Michael Quell was born in 1993 in Vienna, Austria. He received his Bachelor's degree and the degree of Diplomingenieur in Technical Mathematics from the Technische Universität Wien in 2016 and 2018, respectively. After finishing his studies he joined the Institute for Microelectronics in June 2018, where he is currently working on his doctoral degree. He is researching high performance algorithms and data structures within the scope of the Christian Doppler Laboratory for High Performance TCAD.
Shared-Memory Block-Based Fast Marching Method for Hierarchical Meshes
The fast marching method (FMM) is commonly used in expanding front simulations (e.g. fluid dynamics, computer graphics and process simulation in microelectronics) to restore the signed-distance field property of the level-set function. This is also known as re-distancing. To improve the performance of the re-distancing step, parallel algorithms for the FMM, as well as support for hierarchical grids, have been developed; the latter to locally support higher resolutions of the simulation domain while limiting the impact on overall computational demand.
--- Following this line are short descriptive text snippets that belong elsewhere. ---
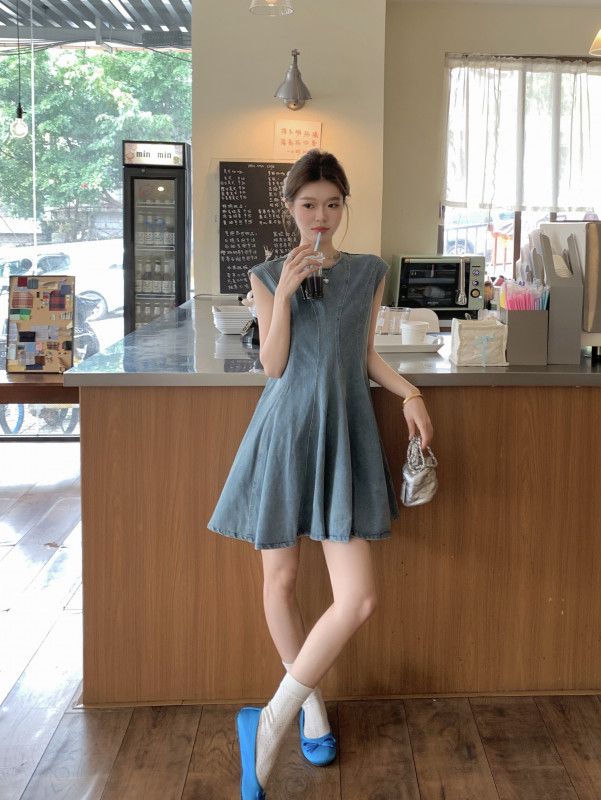여름 A라인 플레어 민소매 데님 원피스 빈티지 워싱 뒷지퍼 하이웨스트 미니 청원피스 라운드넥 데이트룩 11256 - 상세 이미지 4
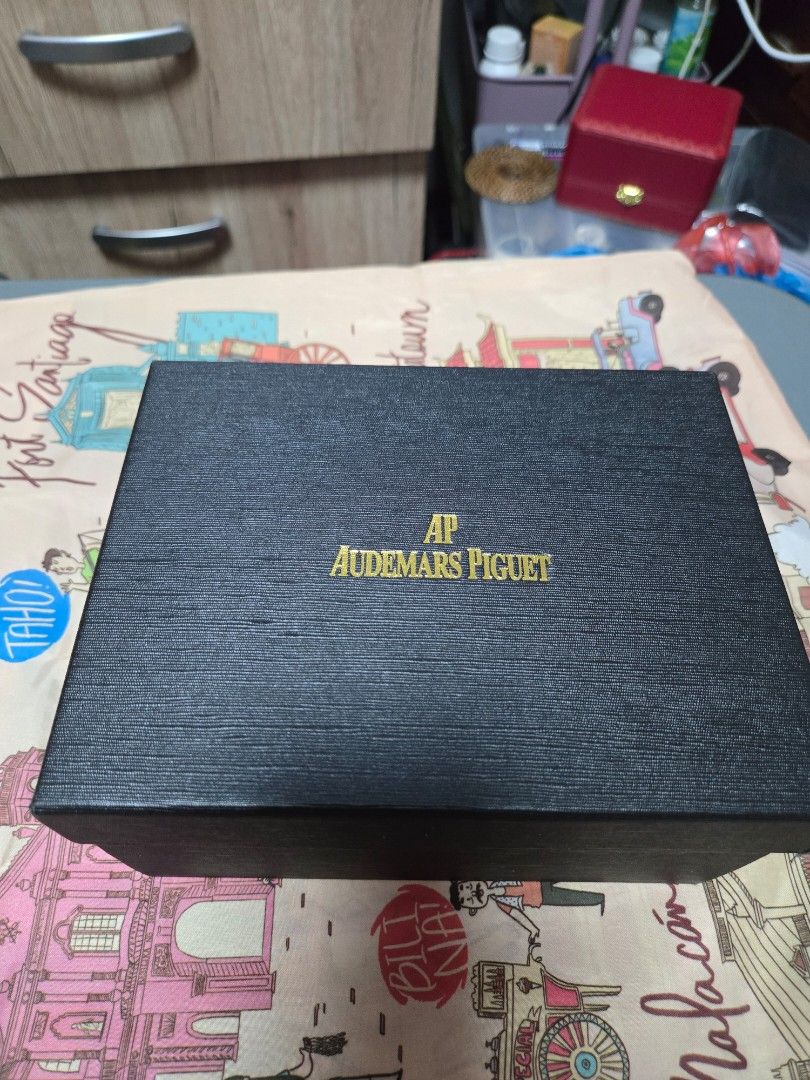 AP Royal Oak Gold with white dial (Category: Luxury Watches) located in Manila. Submitted by angeliosca53522 (Listing ID 1396674040, Image 2). Description: Brand-new Audemars Piguet Royal Oak Gold with white dial with box can ship anywhere in the Philippines.
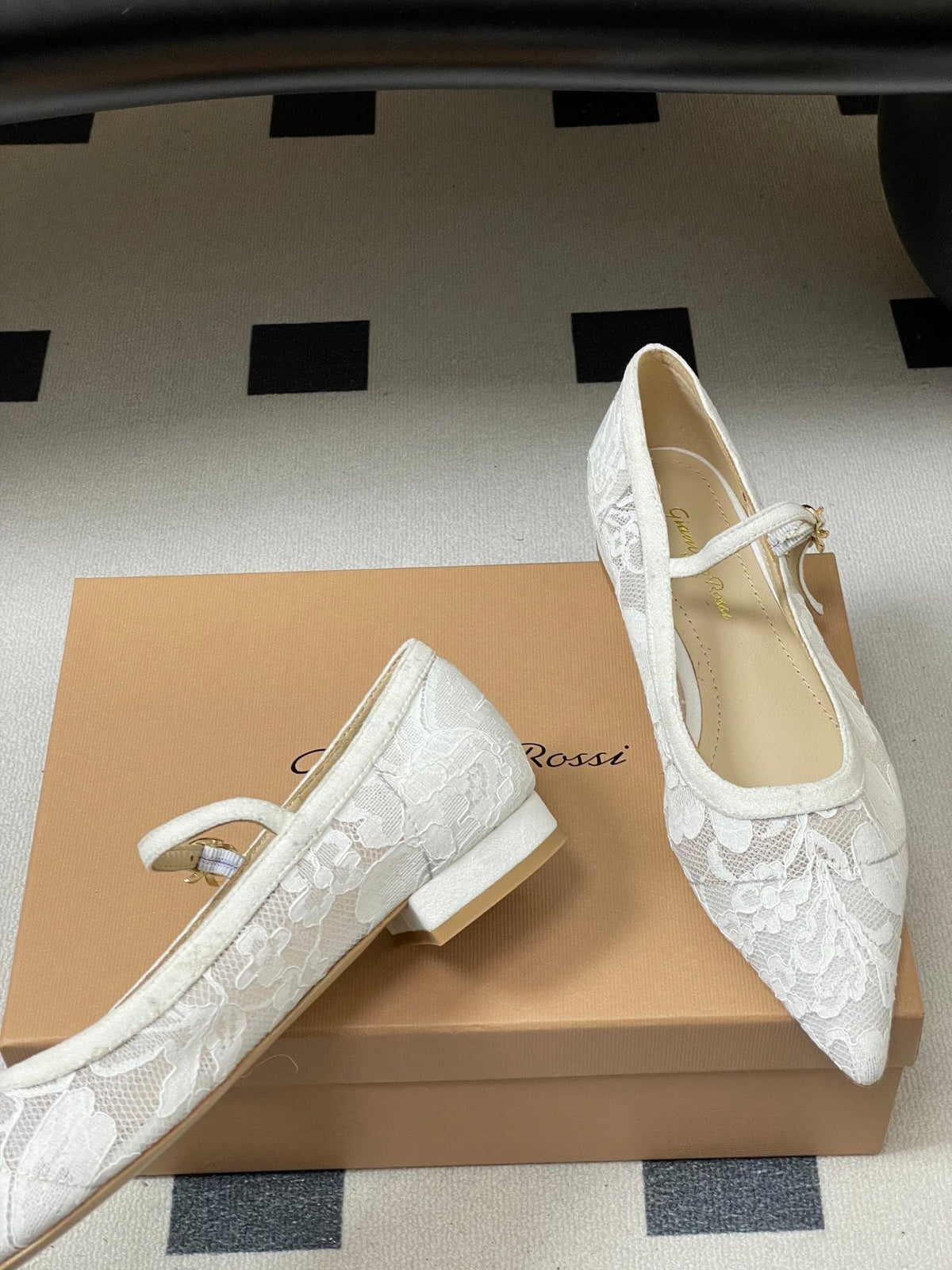 GR 26s Mary Jane White Lace 164801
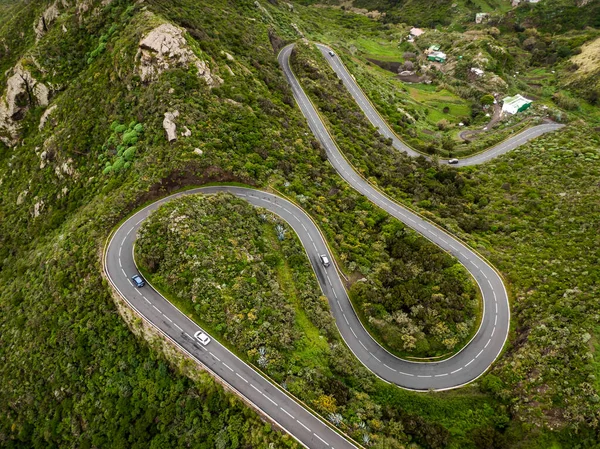 Válcování horské silnice na zelené části ostrova Tenerife, Španělsko. Horní letecké zobrazení. — Stock fotografie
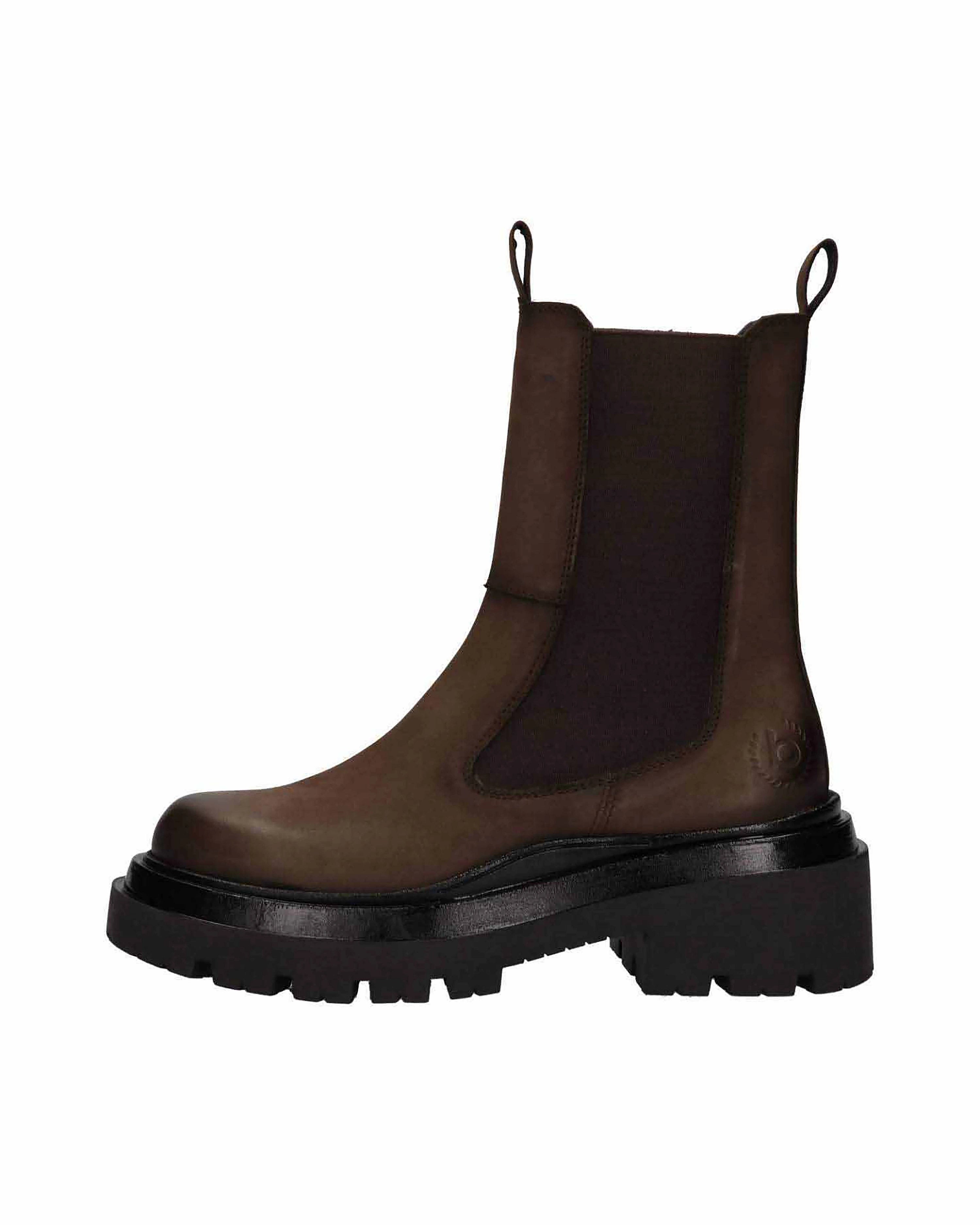 Braune bugatti Chelsea Boots mit robuster Sohle, Seitenansicht, Büstenbild.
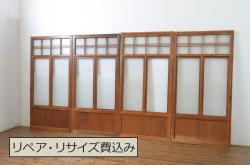 【セミオーダー家具実例】組子細工入りの木製ドアに高品質リペアを施しました。高さをご希望のサイズにリサイズし、鍵、取っ手、蝶番、ローラー締まりを所定の位置へ取り付け。中段にはクリアガラス、下段には花菱模様と変わり花菱模様のガラスを交互に組み入れました。当店商品を参考にワントーン明るめに仕上げ上品な雰囲気に!(玄関ドア、建具)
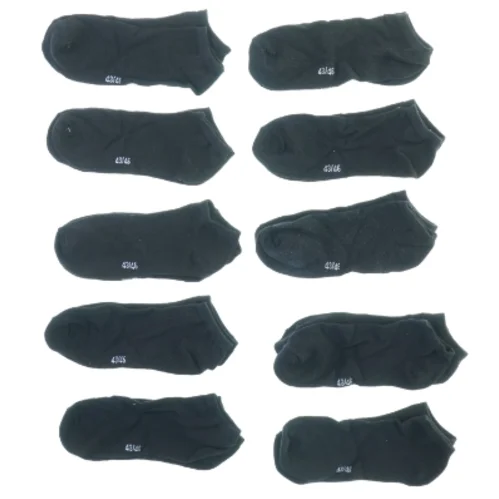 Sokker (str. 43 til 46)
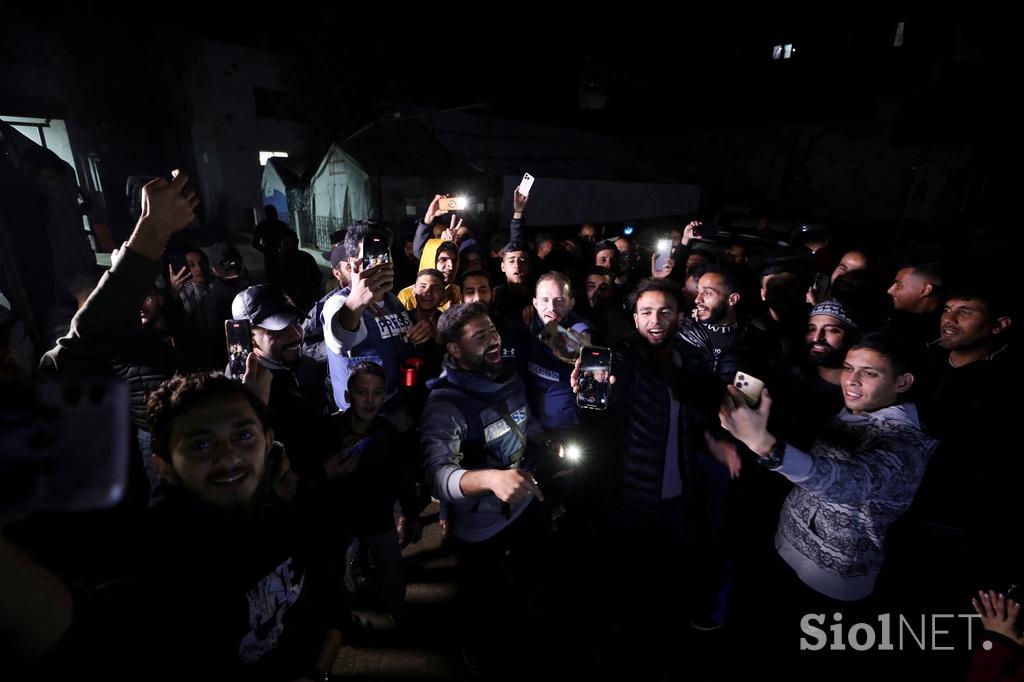 Veselje Palestincev ob doseženem dogovoru o prekinitvi ognja v Gazi.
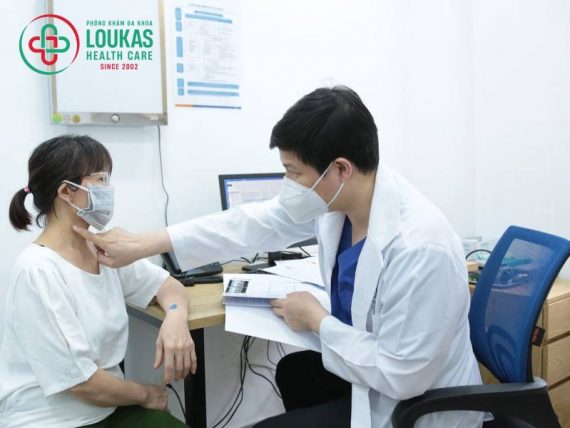 Đừng chủ quan với các triệu chứng u tuyến giáp ban đầu 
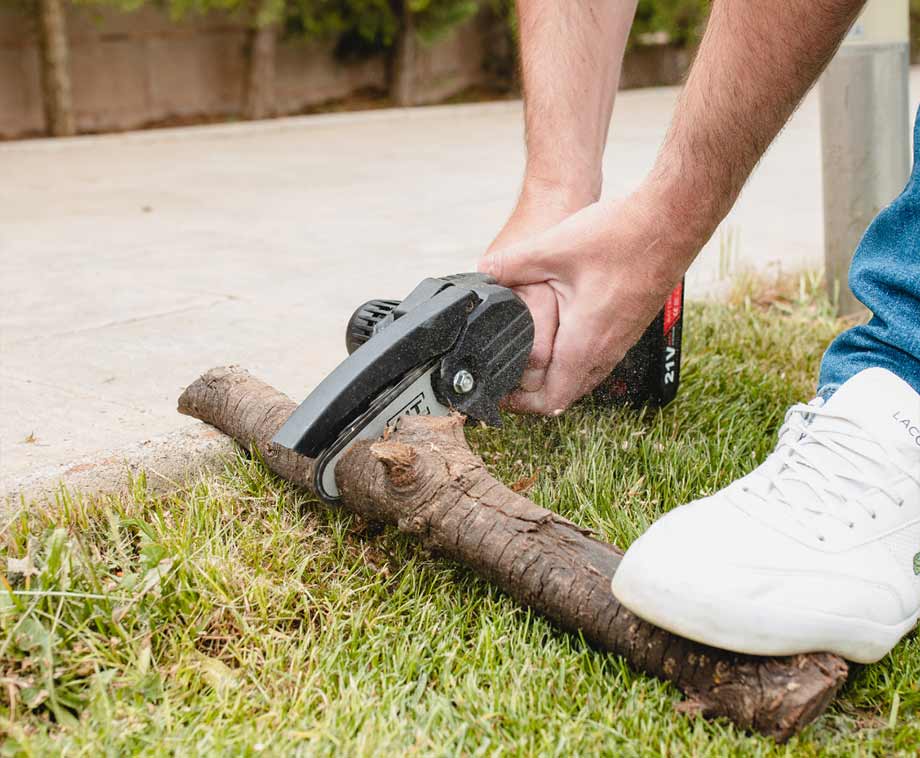 Ailgely Mini-kettingzaag met accu, 15,2 cm en 10,2 cm, 21 V, kleine takkenzaag met accu, 2 x 2000 mAh, 2 kettingen, voor het zagen van takken en hout in de tuin Ailgely Mini-kettingzaag met accu, 15,2 cm en 10,2 cm, 21 V, kleine takkenzaag met accu, 2 x 2000 mAh, 2 kettingen, voor het zagen van takken en hout in de tuin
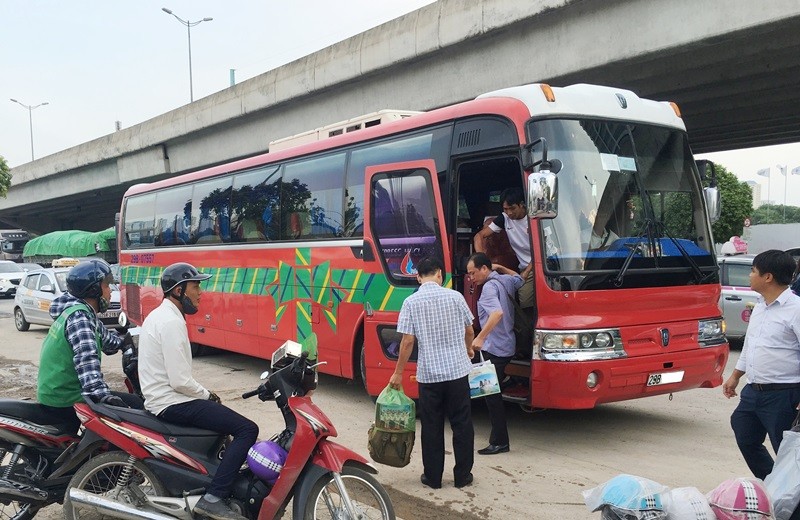 Xe khách không biển hiệu, tem tuyến bắt trả khách trên đường Phạm Hùng (bến xe Mỹ Đình).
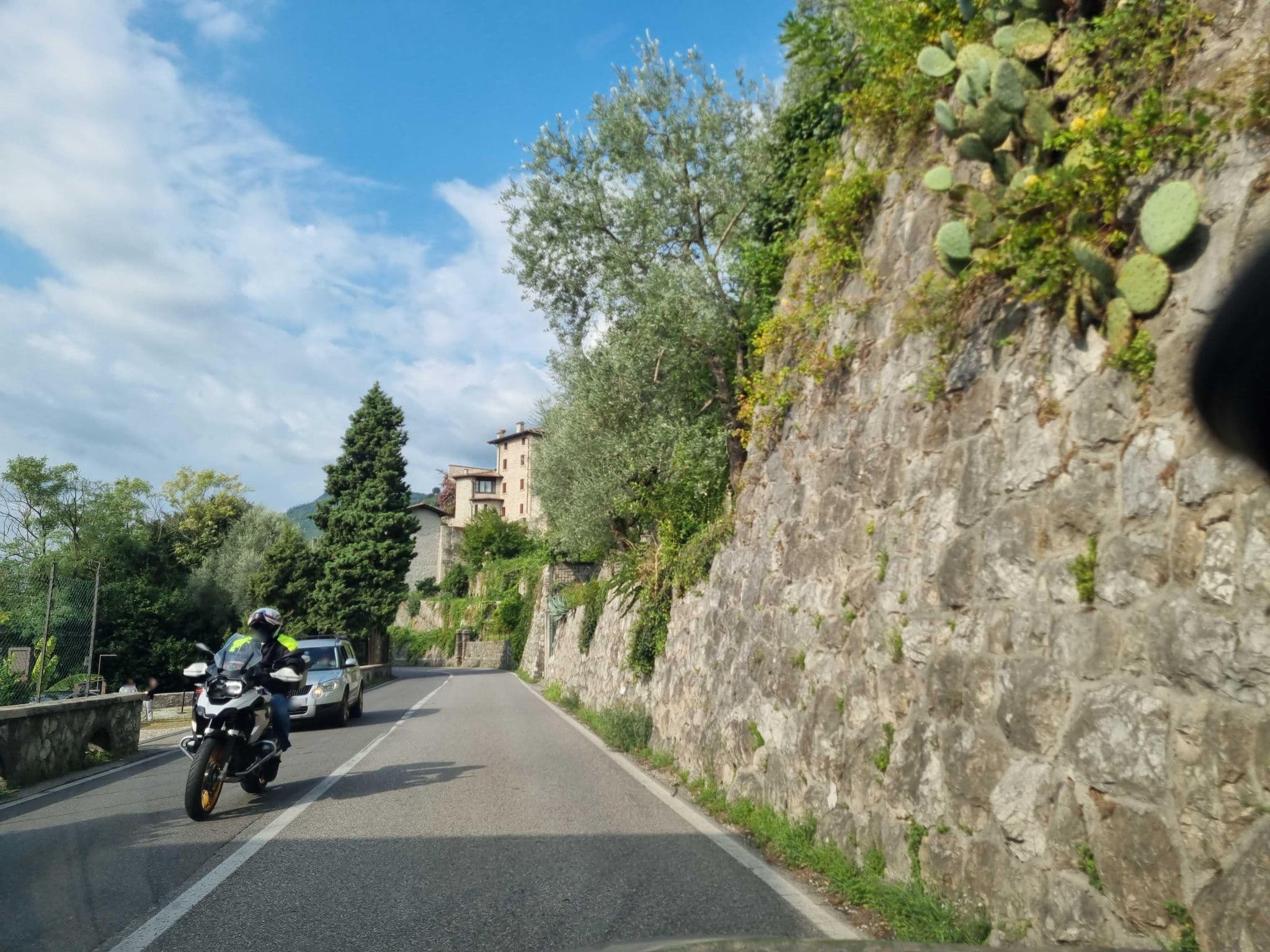 Street view near Il sogno sul lago, Gargnano — © dsmm (CC BY-SA · Mapillary)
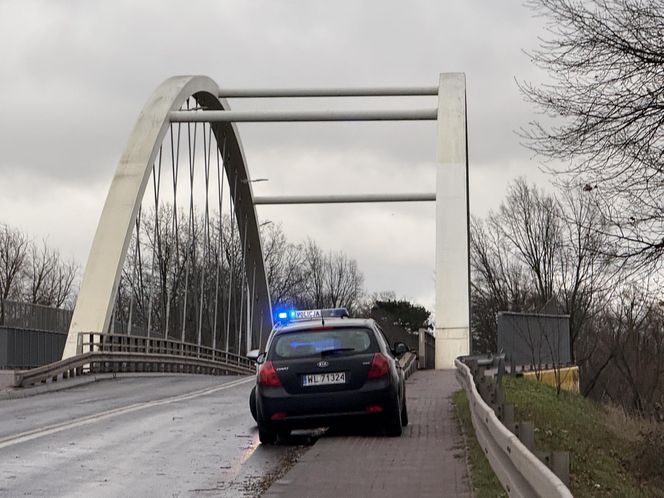  Śmiertelny wypadek na wiadukcie w Grodzisku Mazowieckim. Kierowca zasłabł za kierownicą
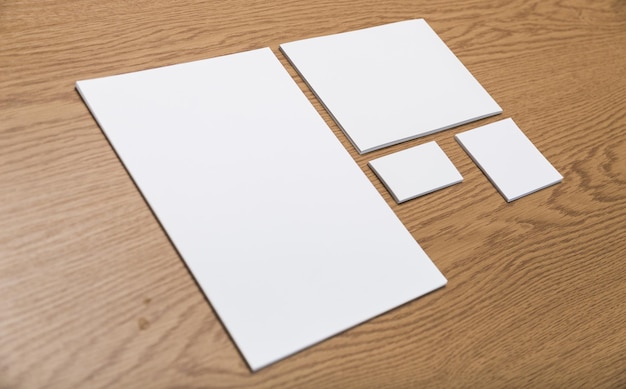 Foto blank stationery set op houten achtergrond mock up blank set mock up geïsoleerd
The previously developed multi-mesh FMM has been extended using the block-based FMM approach to enable improved serial and parallel performance on hierarchical grids. This extension introduces a new parameter, maxBlockSize, which splits meshes that are larger than this parameter into smaller ones. The OpenMP paradigm is used for the underlying coarse-grained parallelization on a per mesh basis. The employed approach allows for an improved load balance, as the algorithm employs a high degree of mesh partitioning, enabling one to load balance mesh partitions with varying mesh sizes.
Fig. 1 shows the runtimes for the coarsest level of a sample hierarchical grid for a mandrel structure. The maximal block size of 1000 does not induce any splits in the single mesh and is equivalent to the base code. The coarsest level consists only of a single mesh, therefore no parallel speed up is obtained with this block size. For a block size of 30, the shortest runtime is overed, which used 16 threads. Further decreasing the block size leads to an increase in runtime because the overhead and the number of synchronization steps grows with the number of meshes. In Fig. 2, the runtimes for the finer level of the same structure are shown. Without splits there are already 54 meshes available, the base code therefore scales well until 8 threads. The usage of smaller block sizes enables a small speed up at 8 threads and a significant, better speed up at 16 threads. The lowest runtime is observed at a block size of 75. Also, using a block size that is too small on the finer level deteriorates the performance.
Fig. 1: Runtime for the block-based multi-mesh FMM on the coarsest level for different maximum block sizes by utilizing up to 32 threads on 16 physical cores.
Fig. 2: Runtime for the block-based multi-mesh FMM on the finer level. This approach allows for better scalability for 16 threads compared to the base line code (block size 1000, no mesh is split).